Excerpts from a dataset:
======
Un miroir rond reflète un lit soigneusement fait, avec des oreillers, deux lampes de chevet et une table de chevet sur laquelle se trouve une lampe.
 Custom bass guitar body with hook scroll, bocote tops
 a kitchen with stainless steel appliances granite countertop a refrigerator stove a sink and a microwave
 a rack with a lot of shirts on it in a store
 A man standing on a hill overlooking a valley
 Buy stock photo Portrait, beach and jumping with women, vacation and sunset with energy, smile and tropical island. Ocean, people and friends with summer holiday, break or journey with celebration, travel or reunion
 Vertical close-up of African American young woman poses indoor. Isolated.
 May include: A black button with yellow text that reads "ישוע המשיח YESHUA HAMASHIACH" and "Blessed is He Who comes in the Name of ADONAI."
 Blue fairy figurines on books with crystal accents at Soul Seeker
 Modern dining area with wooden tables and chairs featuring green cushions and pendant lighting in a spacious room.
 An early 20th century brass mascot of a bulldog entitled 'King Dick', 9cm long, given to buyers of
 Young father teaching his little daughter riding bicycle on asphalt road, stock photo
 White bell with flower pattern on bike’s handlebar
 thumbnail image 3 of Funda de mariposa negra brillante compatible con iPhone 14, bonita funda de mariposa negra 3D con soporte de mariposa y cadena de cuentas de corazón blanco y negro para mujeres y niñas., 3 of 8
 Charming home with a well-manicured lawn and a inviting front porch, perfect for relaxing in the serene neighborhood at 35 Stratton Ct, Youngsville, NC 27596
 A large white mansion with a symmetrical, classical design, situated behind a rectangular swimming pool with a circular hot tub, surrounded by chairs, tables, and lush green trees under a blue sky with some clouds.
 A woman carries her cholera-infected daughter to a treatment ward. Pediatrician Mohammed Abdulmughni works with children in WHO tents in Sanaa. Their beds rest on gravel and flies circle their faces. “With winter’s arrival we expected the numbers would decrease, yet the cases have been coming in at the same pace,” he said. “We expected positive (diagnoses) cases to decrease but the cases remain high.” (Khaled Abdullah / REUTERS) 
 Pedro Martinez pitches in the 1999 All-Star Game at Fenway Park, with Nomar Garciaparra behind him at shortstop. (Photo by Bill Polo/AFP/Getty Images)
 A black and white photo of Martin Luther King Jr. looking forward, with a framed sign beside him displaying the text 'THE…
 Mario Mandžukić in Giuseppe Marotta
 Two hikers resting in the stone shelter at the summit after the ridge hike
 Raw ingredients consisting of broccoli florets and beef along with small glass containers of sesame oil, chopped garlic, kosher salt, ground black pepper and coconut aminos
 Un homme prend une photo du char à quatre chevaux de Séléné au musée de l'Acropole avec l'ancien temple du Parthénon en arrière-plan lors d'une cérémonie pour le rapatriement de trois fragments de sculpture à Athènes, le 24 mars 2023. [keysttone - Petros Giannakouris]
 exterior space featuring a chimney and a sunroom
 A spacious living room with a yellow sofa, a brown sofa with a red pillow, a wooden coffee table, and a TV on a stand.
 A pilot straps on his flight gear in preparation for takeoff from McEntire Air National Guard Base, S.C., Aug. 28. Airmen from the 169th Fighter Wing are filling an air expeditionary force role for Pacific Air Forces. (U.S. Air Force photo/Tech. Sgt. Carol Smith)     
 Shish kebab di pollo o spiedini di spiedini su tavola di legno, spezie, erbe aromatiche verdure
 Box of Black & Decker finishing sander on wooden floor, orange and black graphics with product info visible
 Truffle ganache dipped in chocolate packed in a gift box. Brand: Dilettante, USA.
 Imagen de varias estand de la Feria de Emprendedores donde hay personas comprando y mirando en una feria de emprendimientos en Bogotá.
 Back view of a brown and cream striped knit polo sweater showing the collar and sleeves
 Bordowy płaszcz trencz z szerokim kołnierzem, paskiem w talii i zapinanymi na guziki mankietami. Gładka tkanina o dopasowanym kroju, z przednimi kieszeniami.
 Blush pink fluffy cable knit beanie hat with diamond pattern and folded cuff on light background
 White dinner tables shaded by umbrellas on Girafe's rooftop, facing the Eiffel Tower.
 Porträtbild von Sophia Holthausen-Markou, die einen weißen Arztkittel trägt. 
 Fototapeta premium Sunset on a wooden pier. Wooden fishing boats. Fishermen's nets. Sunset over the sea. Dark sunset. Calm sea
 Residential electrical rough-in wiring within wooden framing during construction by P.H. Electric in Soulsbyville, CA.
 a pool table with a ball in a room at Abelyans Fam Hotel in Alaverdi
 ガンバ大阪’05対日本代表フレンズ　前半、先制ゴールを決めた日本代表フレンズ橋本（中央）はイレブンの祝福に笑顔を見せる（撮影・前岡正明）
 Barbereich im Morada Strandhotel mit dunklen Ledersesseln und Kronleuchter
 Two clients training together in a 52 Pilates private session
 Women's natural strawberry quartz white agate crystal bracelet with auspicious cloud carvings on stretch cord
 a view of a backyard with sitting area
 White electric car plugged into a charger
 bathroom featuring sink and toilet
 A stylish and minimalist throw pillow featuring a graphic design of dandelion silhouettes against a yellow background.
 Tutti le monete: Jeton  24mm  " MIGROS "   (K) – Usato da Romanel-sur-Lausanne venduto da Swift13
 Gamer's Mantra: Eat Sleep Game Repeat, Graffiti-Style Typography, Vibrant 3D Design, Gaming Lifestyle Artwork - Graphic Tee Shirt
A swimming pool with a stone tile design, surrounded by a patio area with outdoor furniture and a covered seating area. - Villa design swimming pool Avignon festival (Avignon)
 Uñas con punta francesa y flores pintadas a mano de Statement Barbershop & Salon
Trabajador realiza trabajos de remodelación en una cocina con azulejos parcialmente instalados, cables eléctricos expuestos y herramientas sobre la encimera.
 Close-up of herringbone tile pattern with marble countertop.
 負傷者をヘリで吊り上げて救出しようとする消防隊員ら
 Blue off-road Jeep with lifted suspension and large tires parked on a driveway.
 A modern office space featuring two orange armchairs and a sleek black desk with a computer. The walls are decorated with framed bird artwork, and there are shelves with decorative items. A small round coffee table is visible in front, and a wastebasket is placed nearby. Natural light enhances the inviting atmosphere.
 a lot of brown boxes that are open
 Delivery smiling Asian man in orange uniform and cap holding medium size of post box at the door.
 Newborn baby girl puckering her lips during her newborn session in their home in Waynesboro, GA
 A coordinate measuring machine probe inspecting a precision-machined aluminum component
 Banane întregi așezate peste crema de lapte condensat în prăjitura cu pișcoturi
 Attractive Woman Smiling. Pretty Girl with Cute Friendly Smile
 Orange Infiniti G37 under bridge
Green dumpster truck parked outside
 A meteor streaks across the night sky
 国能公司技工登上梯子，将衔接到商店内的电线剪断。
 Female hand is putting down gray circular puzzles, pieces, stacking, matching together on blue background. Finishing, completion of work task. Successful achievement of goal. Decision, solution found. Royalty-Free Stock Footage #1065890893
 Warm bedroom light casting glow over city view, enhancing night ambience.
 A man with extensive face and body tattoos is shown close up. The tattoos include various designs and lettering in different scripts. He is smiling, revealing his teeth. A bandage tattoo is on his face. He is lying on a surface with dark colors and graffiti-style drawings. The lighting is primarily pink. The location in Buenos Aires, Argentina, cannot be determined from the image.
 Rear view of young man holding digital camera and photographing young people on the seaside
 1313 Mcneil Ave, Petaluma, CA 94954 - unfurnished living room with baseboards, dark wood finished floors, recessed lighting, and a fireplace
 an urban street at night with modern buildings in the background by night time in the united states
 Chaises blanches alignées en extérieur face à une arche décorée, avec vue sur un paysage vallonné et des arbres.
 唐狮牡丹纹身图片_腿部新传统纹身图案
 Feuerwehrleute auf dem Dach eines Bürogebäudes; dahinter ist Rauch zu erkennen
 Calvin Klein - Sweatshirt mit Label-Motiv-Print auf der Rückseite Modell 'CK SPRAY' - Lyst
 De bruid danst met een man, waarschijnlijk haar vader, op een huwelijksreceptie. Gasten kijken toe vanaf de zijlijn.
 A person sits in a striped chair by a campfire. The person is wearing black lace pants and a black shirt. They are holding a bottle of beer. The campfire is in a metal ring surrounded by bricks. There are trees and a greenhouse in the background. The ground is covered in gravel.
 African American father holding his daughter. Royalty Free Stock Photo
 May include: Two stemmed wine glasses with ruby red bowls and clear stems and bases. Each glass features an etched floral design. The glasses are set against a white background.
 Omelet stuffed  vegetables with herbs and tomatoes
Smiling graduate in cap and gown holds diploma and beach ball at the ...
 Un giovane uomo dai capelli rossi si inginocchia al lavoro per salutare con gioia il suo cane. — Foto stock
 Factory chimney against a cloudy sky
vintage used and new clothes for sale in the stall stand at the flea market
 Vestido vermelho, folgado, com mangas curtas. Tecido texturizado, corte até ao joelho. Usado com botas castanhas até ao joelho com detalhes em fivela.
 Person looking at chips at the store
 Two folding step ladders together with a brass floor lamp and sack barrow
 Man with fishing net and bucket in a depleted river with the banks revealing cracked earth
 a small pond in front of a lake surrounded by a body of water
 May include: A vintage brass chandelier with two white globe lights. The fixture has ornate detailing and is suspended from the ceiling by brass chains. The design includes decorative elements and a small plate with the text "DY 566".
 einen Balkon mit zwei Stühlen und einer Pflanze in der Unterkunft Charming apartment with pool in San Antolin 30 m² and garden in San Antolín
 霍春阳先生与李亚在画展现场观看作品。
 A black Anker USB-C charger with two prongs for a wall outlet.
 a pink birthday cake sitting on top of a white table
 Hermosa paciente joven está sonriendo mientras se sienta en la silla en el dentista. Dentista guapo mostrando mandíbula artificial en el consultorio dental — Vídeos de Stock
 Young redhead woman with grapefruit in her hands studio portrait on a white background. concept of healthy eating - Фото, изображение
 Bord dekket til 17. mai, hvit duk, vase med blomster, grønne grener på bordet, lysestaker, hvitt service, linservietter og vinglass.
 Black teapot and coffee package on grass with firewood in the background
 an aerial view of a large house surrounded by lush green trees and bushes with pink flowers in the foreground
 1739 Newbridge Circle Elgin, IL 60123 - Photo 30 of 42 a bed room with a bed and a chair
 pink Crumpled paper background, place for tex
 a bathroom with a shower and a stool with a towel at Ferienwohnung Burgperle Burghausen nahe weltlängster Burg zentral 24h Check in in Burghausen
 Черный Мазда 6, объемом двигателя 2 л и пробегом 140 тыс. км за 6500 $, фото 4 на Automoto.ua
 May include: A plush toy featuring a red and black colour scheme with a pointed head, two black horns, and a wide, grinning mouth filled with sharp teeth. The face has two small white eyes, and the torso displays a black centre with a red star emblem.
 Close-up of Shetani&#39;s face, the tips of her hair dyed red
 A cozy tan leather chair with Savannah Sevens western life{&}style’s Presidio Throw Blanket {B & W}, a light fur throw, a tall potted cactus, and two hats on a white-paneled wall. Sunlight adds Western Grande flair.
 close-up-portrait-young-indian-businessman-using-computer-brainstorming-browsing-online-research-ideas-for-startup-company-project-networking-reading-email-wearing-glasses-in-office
======
Please transcribe only the lines in the records above running from the line that has "1313 Mcneil Ave, Petaluma, CA" through the line that has "May include: A vintage", both included, exactly as they appear.

Your response:
 1313 Mcneil Ave, Petaluma, CA 94954 - unfurnished living room with baseboards, dark wood finished floors, recessed lighting, and a fireplace
 an urban street at night with modern buildings in the background by night time in the united states
 Chaises blanches alignées en extérieur face à une arche décorée, avec vue sur un paysage vallonné et des arbres.
 唐狮牡丹纹身图片_腿部新传统纹身图案
 Feuerwehrleute auf dem Dach eines Bürogebäudes; dahinter ist Rauch zu erkennen
 Calvin Klein - Sweatshirt mit Label-Motiv-Print auf der Rückseite Modell 'CK SPRAY' - Lyst
 De bruid danst met een man, waarschijnlijk haar vader, op een huwelijksreceptie. Gasten kijken toe vanaf de zijlijn.
 A person sits in a striped chair by a campfire. The person is wearing black lace pants and a black shirt. They are holding a bottle of beer. The campfire is in a metal ring surrounded by bricks. There are trees and a greenhouse in the background. The ground is covered in gravel.
 African American father holding his daughter. Royalty Free Stock Photo
 May include: Two stemmed wine glasses with ruby red bowls and clear stems and bases. Each glass features an etched floral design. The glasses are set against a white background.
 Omelet stuffed  vegetables with herbs and tomatoes
Smiling graduate in cap and gown holds diploma and beach ball at the ...
 Un giovane uomo dai capelli rossi si inginocchia al lavoro per salutare con gioia il suo cane. — Foto stock
 Factory chimney against a cloudy sky
vintage used and new clothes for sale in the stall stand at the flea market
 Vestido vermelho, folgado, com mangas curtas. Tecido texturizado, corte até ao joelho. Usado com botas castanhas até ao joelho com detalhes em fivela.
 Person looking at chips at the store
 Two folding step ladders together with a brass floor lamp and sack barrow
 Man with fishing net and bucket in a depleted river with the banks revealing cracked earth
 a small pond in front of a lake surrounded by a body of water
 May include: A vintage brass chandelier with two white globe lights. The fixture has ornate detailing and is suspended from the ceiling by brass chains. The design includes decorative elements and a small plate with the text "DY 566".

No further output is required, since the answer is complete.